Written on: March 1, 2023 by W. Stephen Tait
Hello, everyone. In the previous issue, I began a series on material defects in spray packaging to discuss their relationship with spray package corrosion. We began by focusing on the more common defects in aluminum aerosol containers. This month, we’ll continue with the more common material defects found in laminated foil bags and tinplated steel aerosol containers.
Laminated aluminum foil bags
Flat sheets of laminated foils are folded into a bag, the seams welded together and an aerosol valve is attached to the top of the bag. The aluminum-foil is sandwiched between layers of polymer film—typically one layer on the foil’s exterior and two layers on the interior. The laminated bags are inserted into traditional aerosol containers and the product is filled into the bag.
Figure 1 has a typical example of a micro-bulge in a laminated bag. Bulges are typically small, thin and transparent, as seen in Figure 1. The micro-bulge in Figure 1 is in the interior bi-layer film (nylon on top of polypropylene). Hence, the bulge might be the result of one layer delaminating from the other. However, the actual cause for micro-bulges is unknown at this time.
It has been our experience that micro-bulges do not contribute to or cause laminated aluminum foil bag corrosion.
Figure 2 provides an example of a laminate polymer film that is delaminated at the bag welds. It has been our experience that this type of material defect is rare and can be avoided with good welding practices.
We have not observed instances where this type of material defect contributes to or causes spray package bag corrosion. However, this type of defect could cause bag-rupture around the delaminated area if the weld is weak.
Figure 3 provides an example of a crack in the aluminum foil under the laminate film. In our experience, this type of material defect is typically associated with a single manufacturing batch. We have not observed instances where this type of material defect contributes to or causes laminate-foil bag corrosion.

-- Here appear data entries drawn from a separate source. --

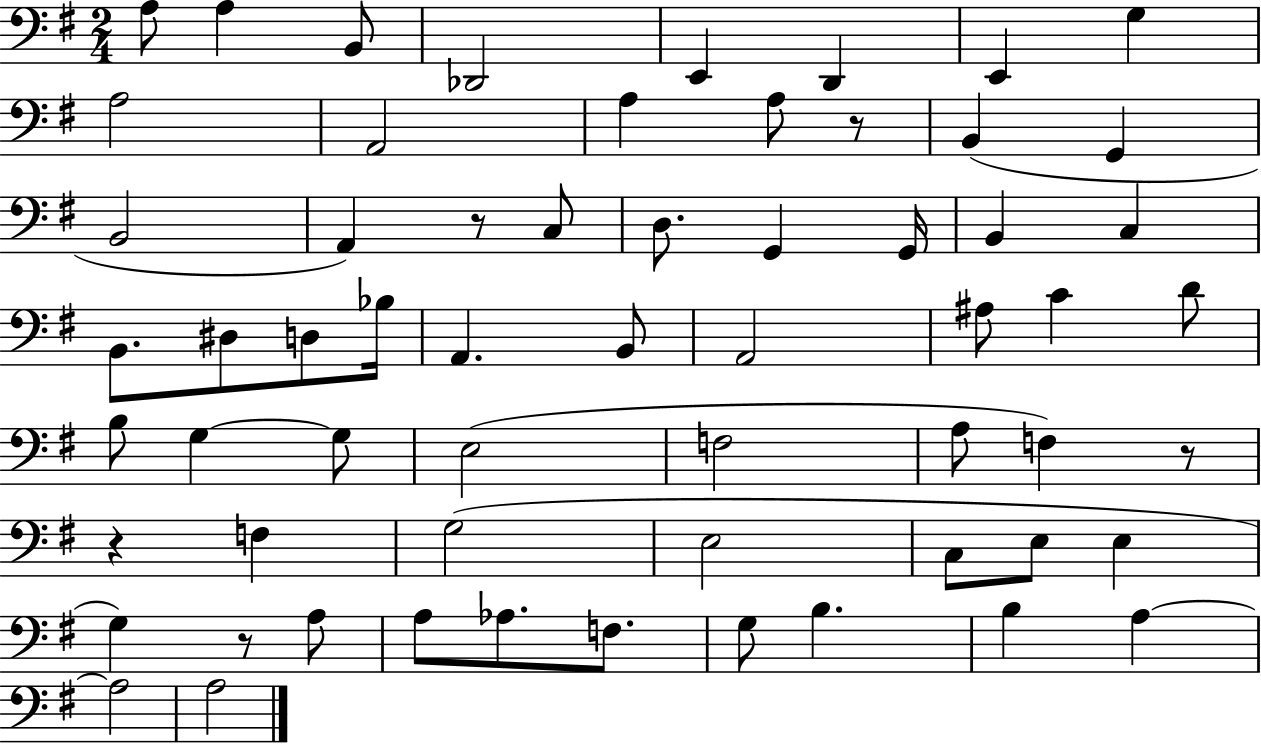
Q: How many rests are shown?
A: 5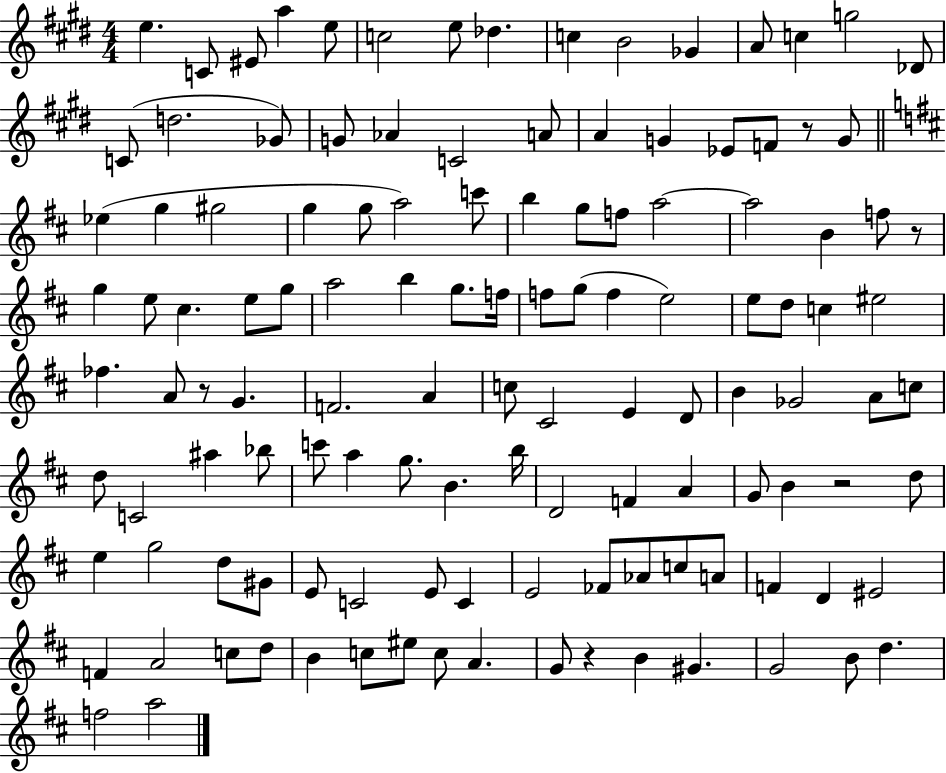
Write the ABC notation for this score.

X:1
T:Untitled
M:4/4
L:1/4
K:E
e C/2 ^E/2 a e/2 c2 e/2 _d c B2 _G A/2 c g2 _D/2 C/2 d2 _G/2 G/2 _A C2 A/2 A G _E/2 F/2 z/2 G/2 _e g ^g2 g g/2 a2 c'/2 b g/2 f/2 a2 a2 B f/2 z/2 g e/2 ^c e/2 g/2 a2 b g/2 f/4 f/2 g/2 f e2 e/2 d/2 c ^e2 _f A/2 z/2 G F2 A c/2 ^C2 E D/2 B _G2 A/2 c/2 d/2 C2 ^a _b/2 c'/2 a g/2 B b/4 D2 F A G/2 B z2 d/2 e g2 d/2 ^G/2 E/2 C2 E/2 C E2 _F/2 _A/2 c/2 A/2 F D ^E2 F A2 c/2 d/2 B c/2 ^e/2 c/2 A G/2 z B ^G G2 B/2 d f2 a2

It is possible that a bag with this type of defect might leak product. However, the product would have to diffuse through both the inner and outer film layers to cause a bag to leak. We have not yet observed instances where this type of defect causes bag leaking.
Tinplated steel aerosol containers
Tinplated steel (tinplate or electrolytic tinplate [ETP]) aerosol containers are available both with and without an internal polymer coating. The same coating defects discussed in last issue’s Corrosion Corner for aluminum aerosol containers are also found in coated tinplate aerosol containers. Hence, I will not repeat last issue’s discussion and will focus on unlined tinplate defects.
Figure 4 provides an example of an area where the tin coating did not cover (wet) the steel substrate. Non-wetting produces holes in the tin coating that expose the substrate steel, and/or a very thin iron-tin alloy layer—sometimes referred to as K-plate. Multiple holes in tin coatings—such as that in Figure 4—are frequently present in tinplated steel aerosol containers.
There are two different morphologies for the holes in tin coatings. Figure 4 shows the traditional type of hole morphology and Figure 5 shows a newer type of hole morphology that has appeared within the last two decades.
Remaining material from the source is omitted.